A time for capital investment
In 2016, the global content marketing space will be one of the most turbulent from a mergers and acquisitions perspective. New businesses will emerge to fill the gaps created by a growing demand for content marketing, in areas like analytics, mobile content, customer experience, video production, content distribution and elsewhere. As brands invest in content across the board, we expect venture capital firms to put hundreds of millions of dollars behind content marketing startups in the coming months.
Meanwhile, the last few years have seen numerous acquisitions in this space – from Outbrain’s investment in content discovery business Scribit, to Taboola’s acquisition of digital publishing business Perfect Market, to IBM’s purchase of SilverPop, Xtify and Tealeaf. In 2016, established companies will turbo-charge their capabilities by buying up niche businesses in the space, rather than growing these skillsets organically, in a bid to become market leaders in as short a time as possible.
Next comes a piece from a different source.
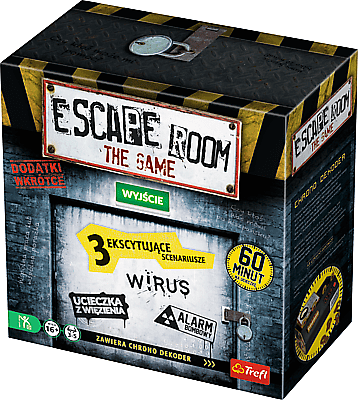Escape Room: The Game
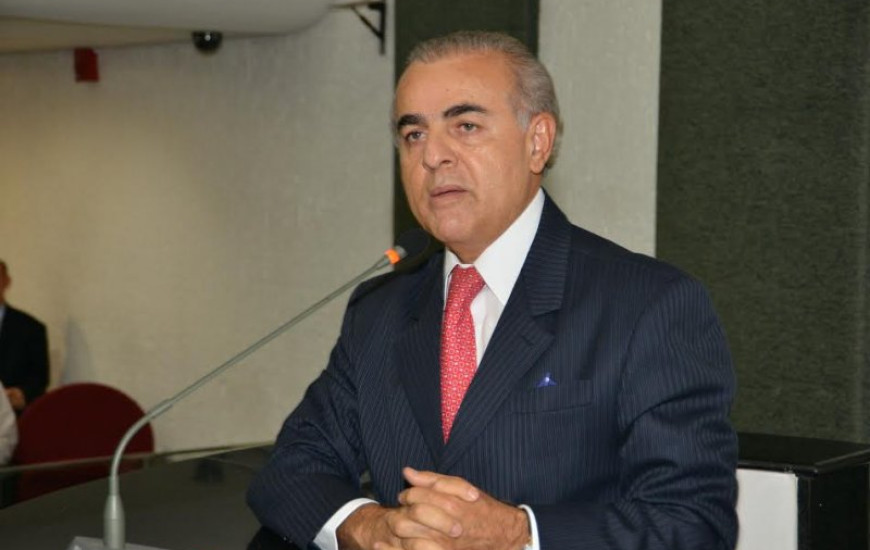 Deputado estadual Paulo Mourão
With so many new players in the space, we expect something of a rollercoaster in the fortunes of content businesses in the coming years, as the market works out which operators are worth our attention.
Video to rule the roost
This is probably the most obvious prediction for 2016, but will be one of the most impactful developments. According to the ACMA Digital Report, in mid 2015, 66 per cent of online adults accessed online video content. Meanwhile, according to Deloitte, online video and audio will account for a whopping 82 per cent of all internet traffic by 2018. In other words, the intensification of online video in recent years will grow more rapidly over the next three years.
This fits within the broader movement towards on-demand video content, where audiences increasingly prefer to control what content they consume and where – other examples of this trend include the rise of services like Netflix and the proliferation of the YouTube celebrity.
This on-demand trend is epitomised by mobile video. With enhancements in mobile – such as larger screen sizes, improved hardware, the introduction of 4G technology and considerably faster download times – the market has seen an explosion in this space. For instance, according to technology firm Cisco, mobile video will account for more than 69 per cent of global mobile traffic by 2019. At the moment, most brands are simply repurposing existing content for mobile, but expect a gradual movement towards bespoke mobile content.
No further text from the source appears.